Der Jeep hielt an, den Motor im Leerlauf.

»Dann, danke für den Kaffee«, sagte ich leise. Ich wollte mich nicht verabschieden.

»Tut mir leid, wenn meine Fragen dich verwirrt haben.«

»War das deine Absicht?«

»Nein. Ich war nur neugierig.« Er senkte den Kopf und sah mich durch den Pony hindurch an, der ihm wirklich reizend vor den Augen hing. »Vermutlich stelle ich mich nicht gerade toll dabei an, jemanden kennenzulernen. Ich will dich nicht verschrecken.«

»Schon gut. Engel und Himmelsdinge verschrecken mich nicht.«

Ich lehnte mich ein winziges bisschen in seine Richtung, gerade so weit, dass ich nicht total gierig wirkte. An seinen Augen war nichts abzulesen. In ihnen lagen Sehnsucht und Weisheit, als ob Garreths Seele viel älter wäre als er selbst, oder besser gesagt, ewig alt. Mit einer Hand strich er eine meiner Locken glatt, die sich auf der Fahrt ins Gesicht geschoben hatte. Das löste etwas in meinem Unterbewusstsein Verborgenes aus.

»Du musst sicher deine Freundin Claire anrufen, oder?« Seine Aufmerksamkeit erstaunte mich, aber noch viel mehr erstaunte mich, wie nah seine Lippen meinen waren.

»Ja«, brachte ich als Antwort gerade noch zustande. Ich starrte seinen Mund an und hoffte, dass er meinen berühren würde. Mein erster Kuss.

»Du hast mir noch gar keine Antwort auf meine Frage gegeben.« Seine Finger umschlossen sanft mein Gesicht.

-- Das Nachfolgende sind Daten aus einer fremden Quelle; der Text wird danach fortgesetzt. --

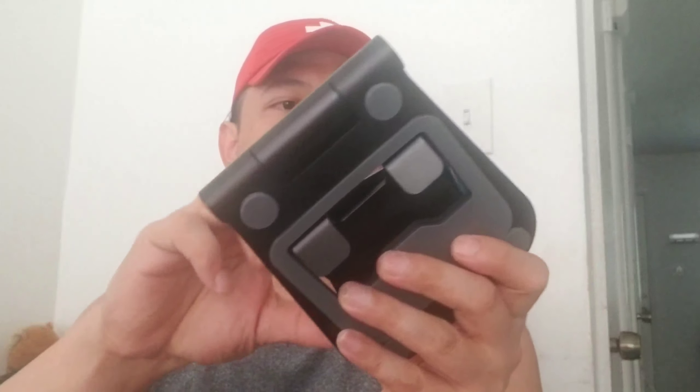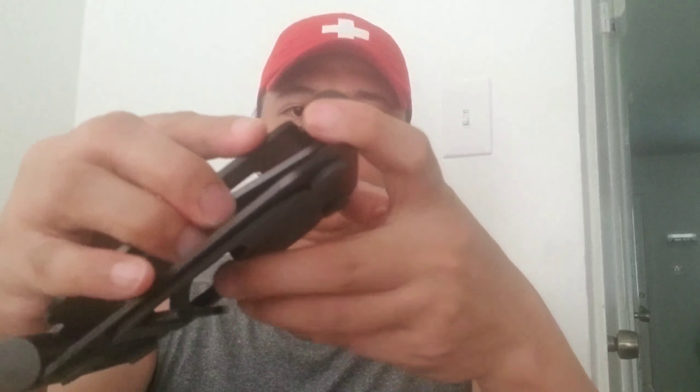Okay, ang laman ng kahon. And this one — very sturdy, yan. Very sturdy. Okay so maganyan siya. And you can put your phone, your tablet, your laptop. If you have a laptop or an iPad, you can use this one, okay? Very, very sturdy.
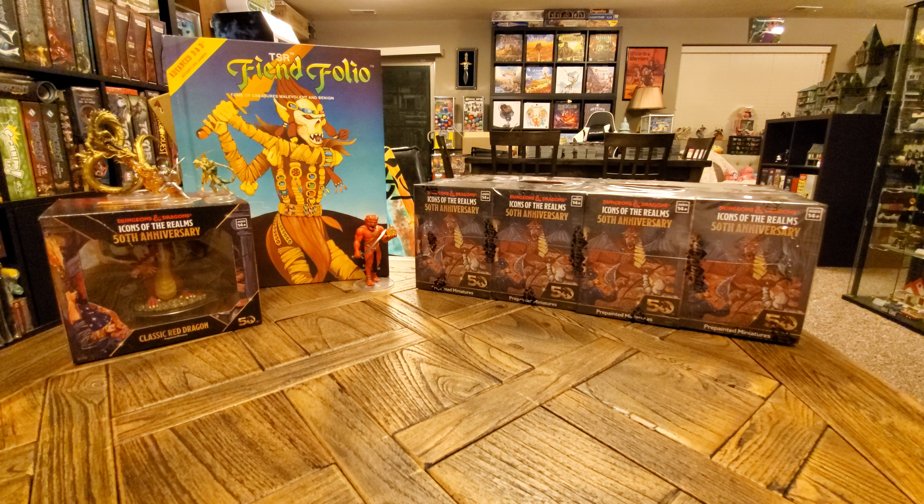Hey everyone, Rick here, and folks, we are back with brick number three. So if this is the first video of these that you're watching, thank you so much for tuning in. We did a live stream where we unboxed an entire brick of the 50th Anniversary Icons of the Realms set, and then I'm recording, just separately, each of the other three bricks that we are going to be unboxing, as I did get a full case of four.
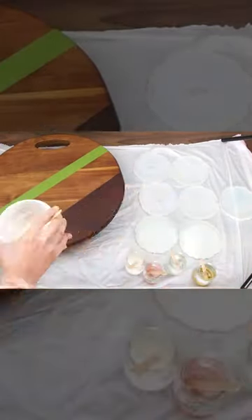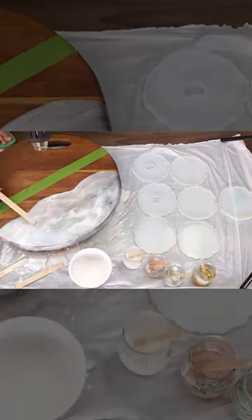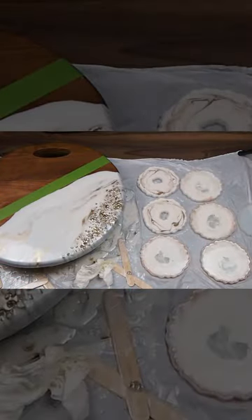I hope you enjoy. Some clear resin here and putting it in. I'll list all the materials I used in the description below. I put a heavier concentration of the white fluid pigment.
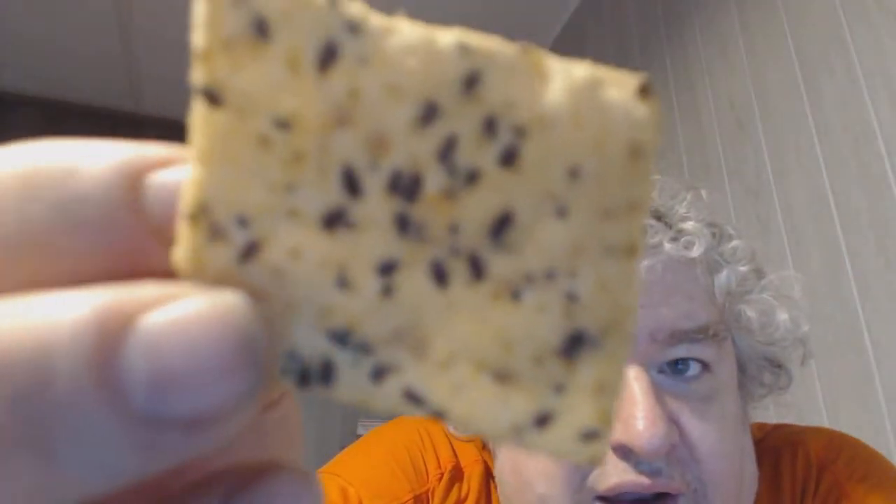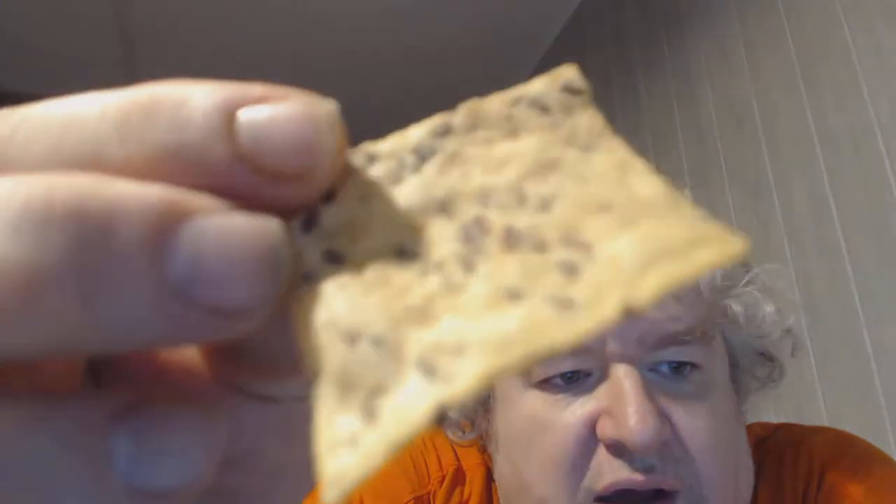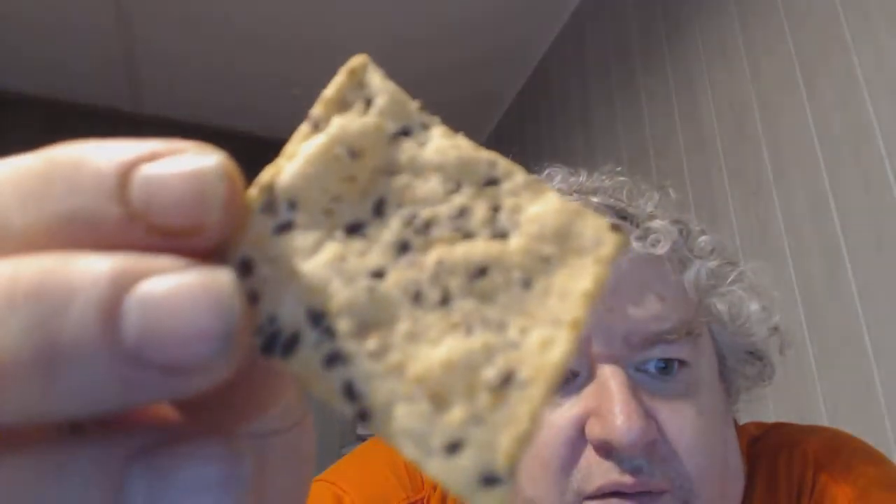Hungry for more? Go to waybetter.com. Nothing artificial, vegan — okay, let's see what they look like. Look at that, loaded! The new webcam is so nice, lots of detail. Pretty cool. Let's try it.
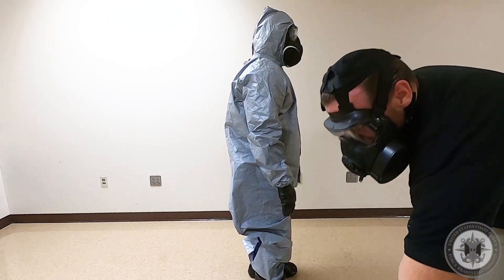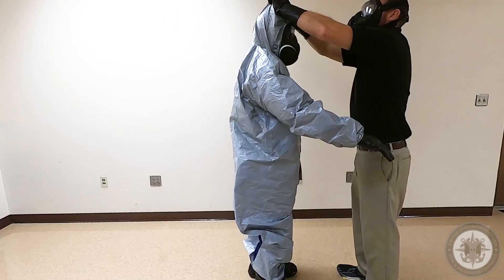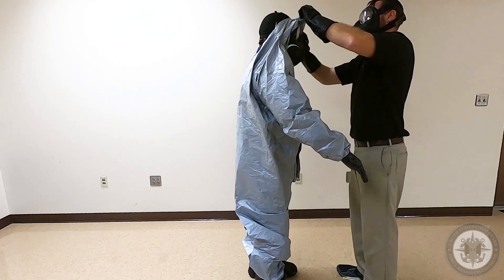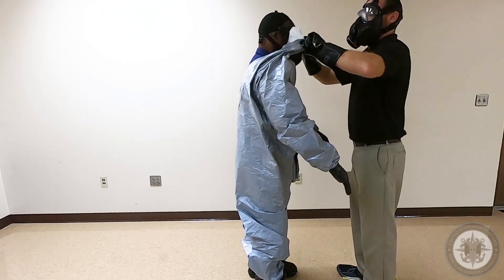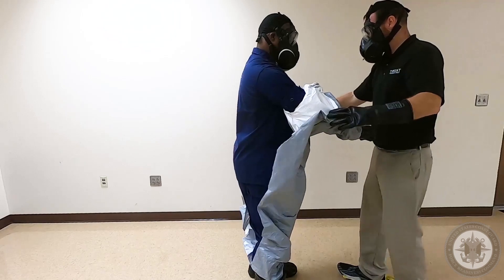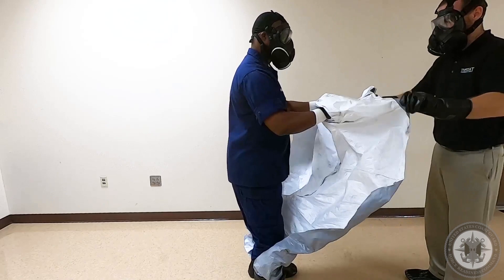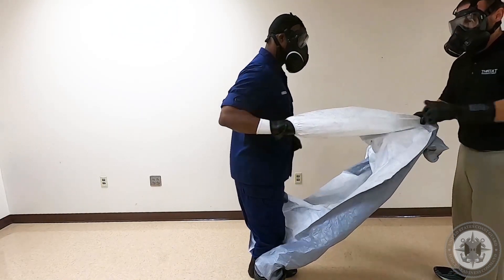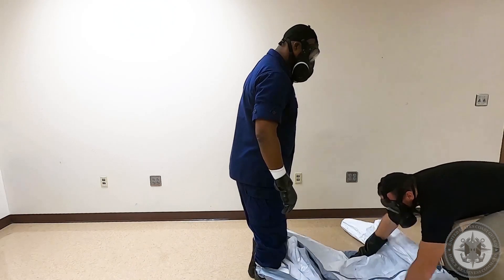Roll the suit out and away from the wearer, folding the clean inside of the suit over the dirty exterior. Form fists to retain gloves. Remove the suit by pulling it away from the wearer, allowing the sleeves to turn inside out.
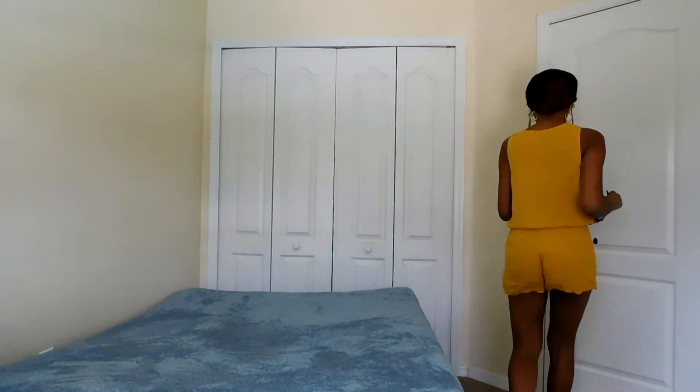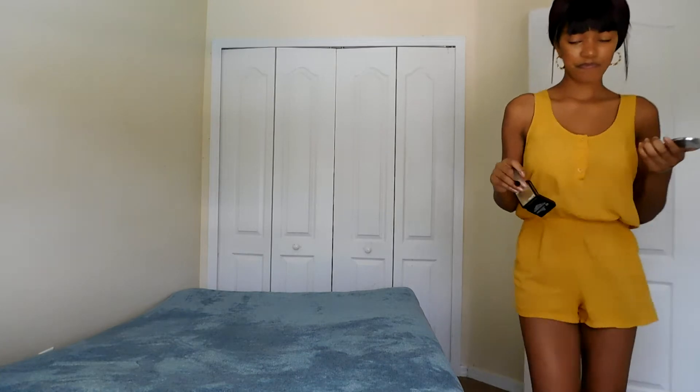Hey, are you knocking on my door? Do you want to come in? I'm filming. Come in. Hi.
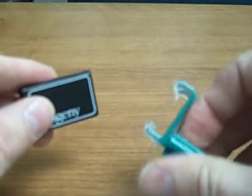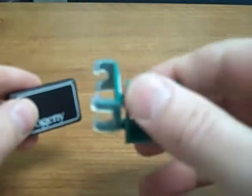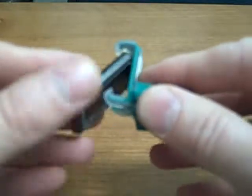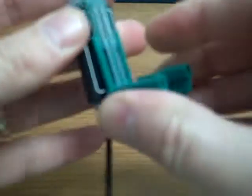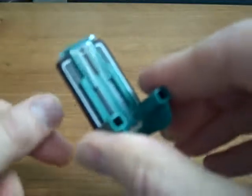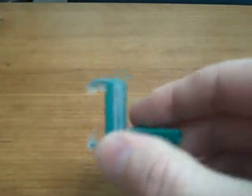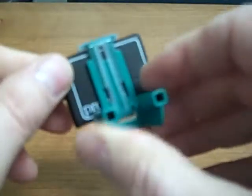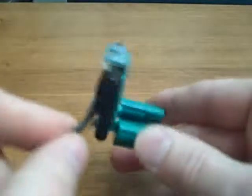The XCP-DS Fit system also is available with a universal endodontic bite block. The neat thing about this bite block is with a size 1 sensor, the bite block will hold it in a vertical orientation. Or with your size 2 sensor, it will hold it in the horizontal orientation. That's the green endodontic bite block.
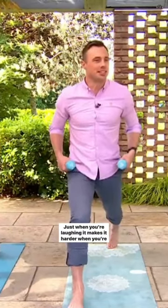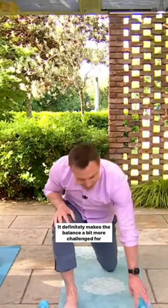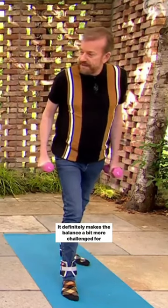When you're laughing, it makes it harder when you're laughing. Mother of God. And then coming back and then dropping the back knee. My balance is really off there. Your weights are very heavy — it definitely makes the balance a bit more of a challenge for sure.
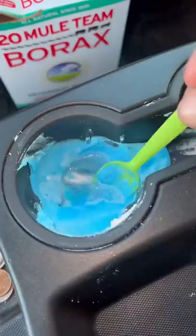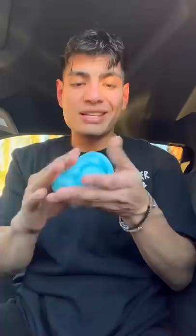It looks okay — better than before. This one turned out pretty smooth; I think it's the food coloring I added. Still looks pretty clean. Let's put more stuff in it. I bought this thinking it was slime, but it's not. It's pretty stretchy — not really sure what it has inside, but let's find out.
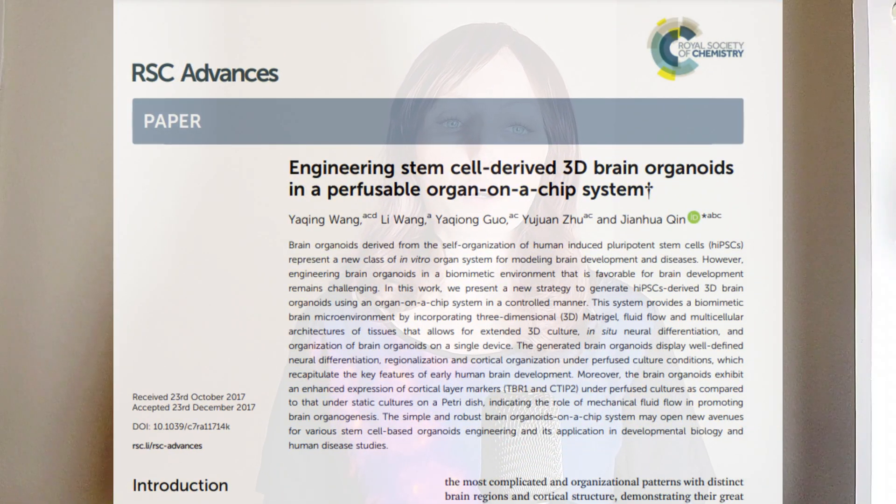But still, with organoids, they're just floating in their growth liquid. They don't experience the fluid forces, flows, and diffusion that tissues in the body do. But these researchers set out to combine the best of both worlds by putting brain organoids on chips.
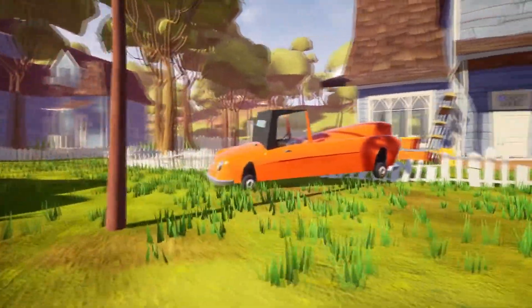Hello and welcome to the video. Today we're going to be showing you how to open up this orange car and get the magnet that's inside on Hello Neighbor Act 1.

»Würde es dir was ausmachen, die Frage noch mal zu wiederholen?« Ich trieb, sank, ging unter in einem Meer aus Blau. Ich wollte nie wieder an die Oberfläche zurück.

»Eigentlich war es ja deine Frage. Du wolltest wissen, ob ich nur in deiner Einbildung existiere.«

»Weiß … ich … immer noch nicht.«

Ich versank immer tiefer in einem warmen, tiefen und ewigen blauen Meer. Völlig egal, ob er meiner Einbildung entsprungen war oder nicht, ich würde ihn auf keinen Fall wieder gehen lassen. Claire hatte recht. Höchste Zeit für einen Freund.

»Nehmen wir mal an, rein hypothetisch natürlich, dass du nicht real bist, könntest du mich dann wohl im Traum besuchen, damit ich nicht bis Montag warten muss, um dich wiederzusehen?« Hatte ich das gesagt? Der gemeinsame Nachmittag ging dem Ende zu, aber ich wollte mich partout nicht aus seinem Griff lösen und aus dem Auto steigen.

»Klar. Wenn ich nicht real bin, kann ich alles.« Er lächelte und spielte mit.

»Also abgemacht.«

Garreth stieg aus dem Auto und kam auf meine Seite, um mir wie ein echter Gentleman die Tür zu öffnen. Er lehnte sich dicht an mich, berührte kurz mit seinen Lippen meine und zögerte dann. Ich schwankte leicht und lehnte mich näher an ihn heran, um meine Lippen auf seine zu drücken, aber er zog sich langsam zurück. Zeit für den Abschied.

Die fünf Stufen hoch zur Haustür waren eine echte Herausforderung, zum Glück hielt mich das Geländer. Ich drehte den Schlüssel um und ging hinein. Mir blieb noch ungefähr eine halbe Stunde, um Claire anzurufen, bevor ich kochen musste. Obwohl mir das wichtig war, kam ich nicht von der Tür weg. Ich sah dem grauen Jeep nach, der immer kleiner wurde und sich von mir entfernte.